6年ぶりに茶道に触れてみて感じたこと

今年は地元の市民講座で茶道を始めた。先生は表千家で、学生のころに習っていた流派とは違ったけど、正直そんなに覚えていなかったし、さほど問題はなかった。

※補足:三千家について
表千家・裏千家・武者小路千家は千利休のひ孫の段階で分かれた流派。
三代目宗旦(そうたん)の三男江岑宗左(こうしんそうさ)が表千家を引き継ぎ、養子に出ていた次男一翁宗守(いちおうそうしゅ)が武者小路千家を興す。そして宗旦が自分で作った茶室を引き継いだのが、四男:仙叟宗室(せんそうそうしつ)で、その後裏千家を興すこととなる。

市民講座内での茶道教室

5月から始まった講座は全30回。基礎の基礎から習って、11月には市民講座のお披露目会のようなイベントでお点前をする。(お茶を習っている人にこの話をすると、大抵驚かれるほど発表までのスパンが短い)

最初は、割り稽古と呼ばれる袱紗や茶巾のたたみ方や棗の拭き方、茶杓の構え方など一連の動作を一つひとつに割って稽古する。

それらができるようになると、畳の上で薄茶のお稽古。入りの挨拶から終わりの挨拶までをひとりで行う。

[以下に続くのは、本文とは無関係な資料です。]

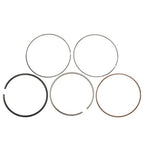 12_8dae9c8e-442a-49ea-9583-08ee03d4f382 - Northline Parts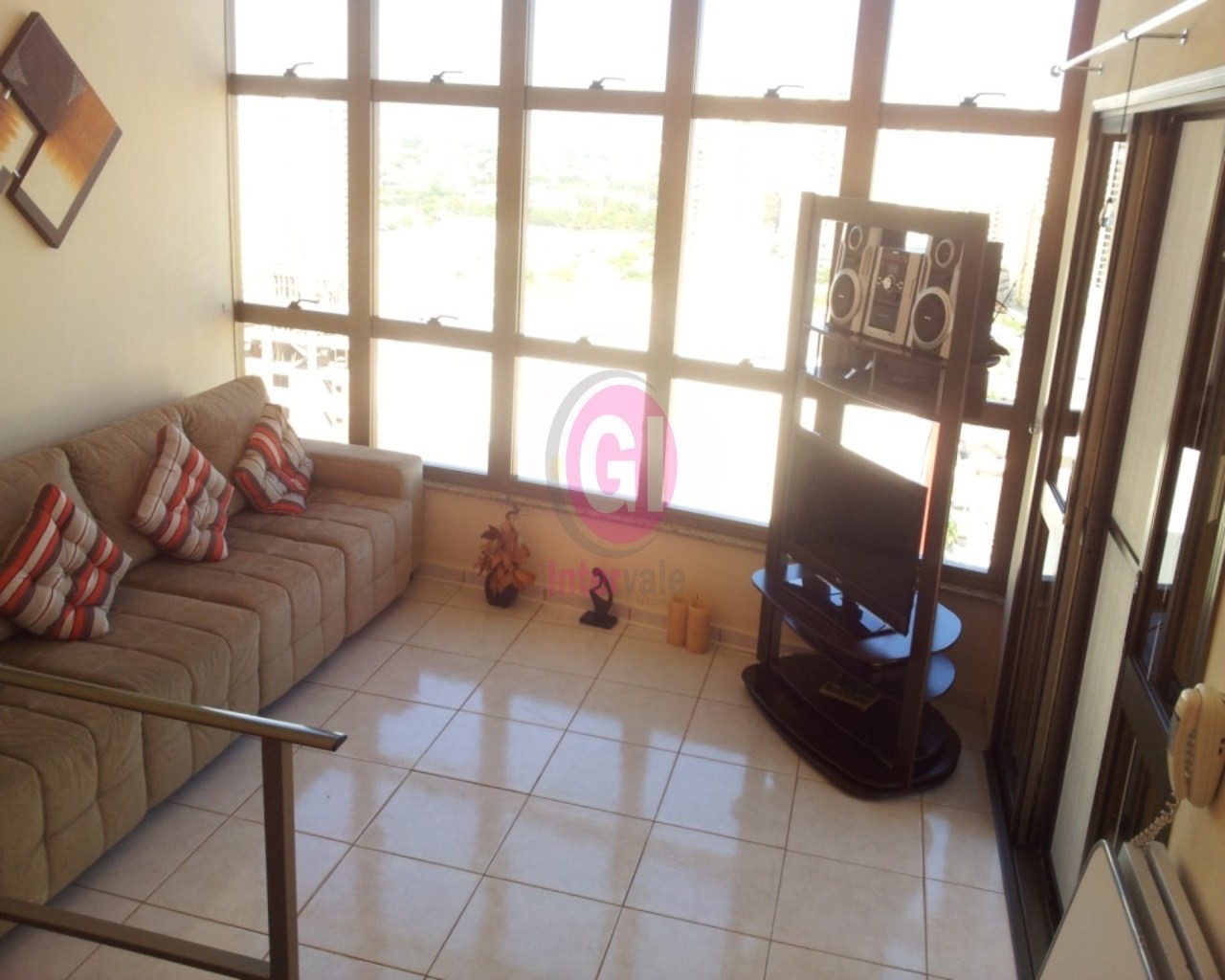 Cobertura à venda com 3 quartos, 154m² - Foto 9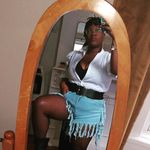 Profile Picture of Ashlee Harper💫 (@a_harper88) on Instagram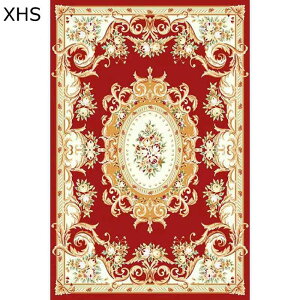 唻 O}bg AeB[N yV? GXjbNn gԕ Z^[J[ybg h _炩  ݐSnǂ  ~ 􂦂 Ԏ rO[ l炵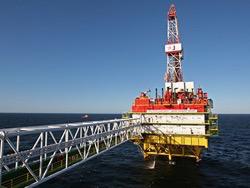 �� �������� � ������� �������� �������� �� ���������� �������������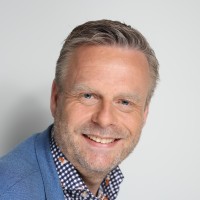 Peter Frølund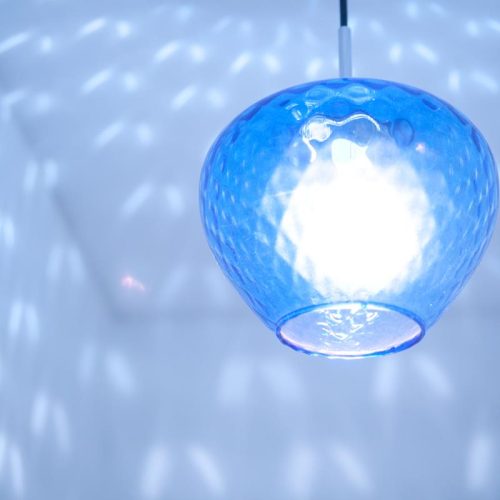 モダンな家_Ｉ様邸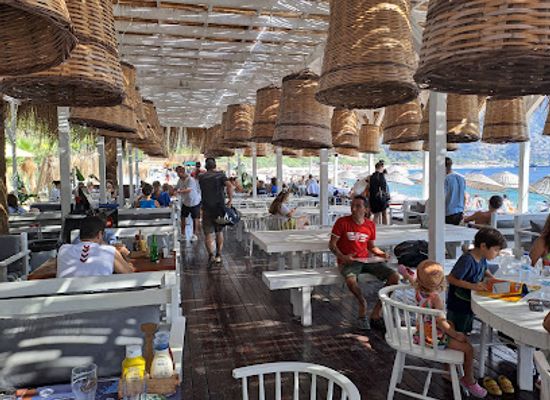 turkiye/oludeniz/restaurant/mansion-a-la-carte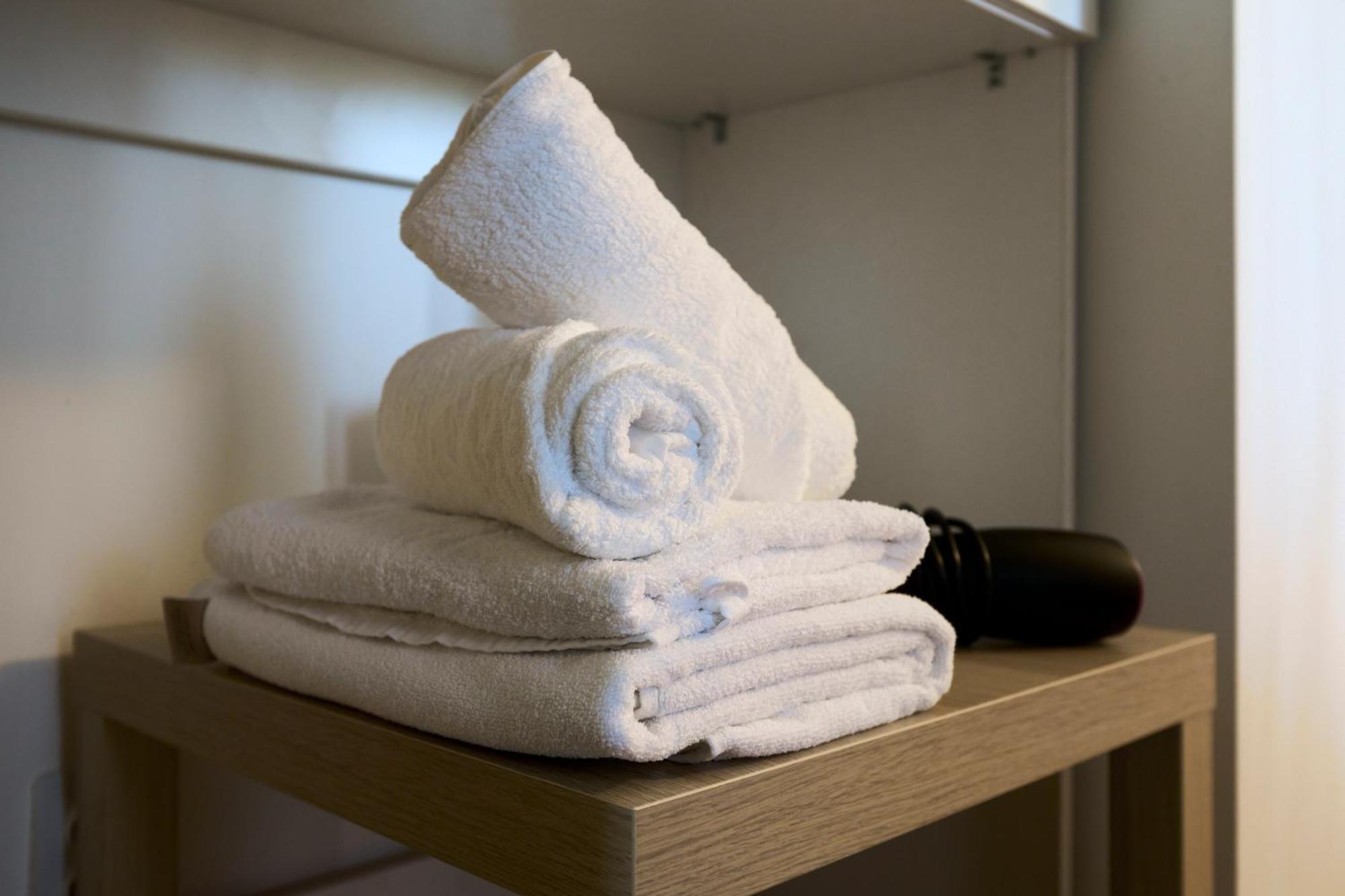 11 Baneasa Airport Apartament 布加勒斯特 外观 照片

ここで「あれ?次は何をするんだっけ?」の状態になり、つまづくことは数えきれないほど。

ようやく少しずつ覚えられるようになったかなと思うと今度は11月のイベントに向けて畳ではなく、椅子と机を使って行うお点前「立礼」(りゅうれい)を覚える。

そこからは慌ただしく、イベントに向けて猛特訓。できるだけお稽古を休まないように仕事の調整を取り、ひたすら何度も練習を繰り返した。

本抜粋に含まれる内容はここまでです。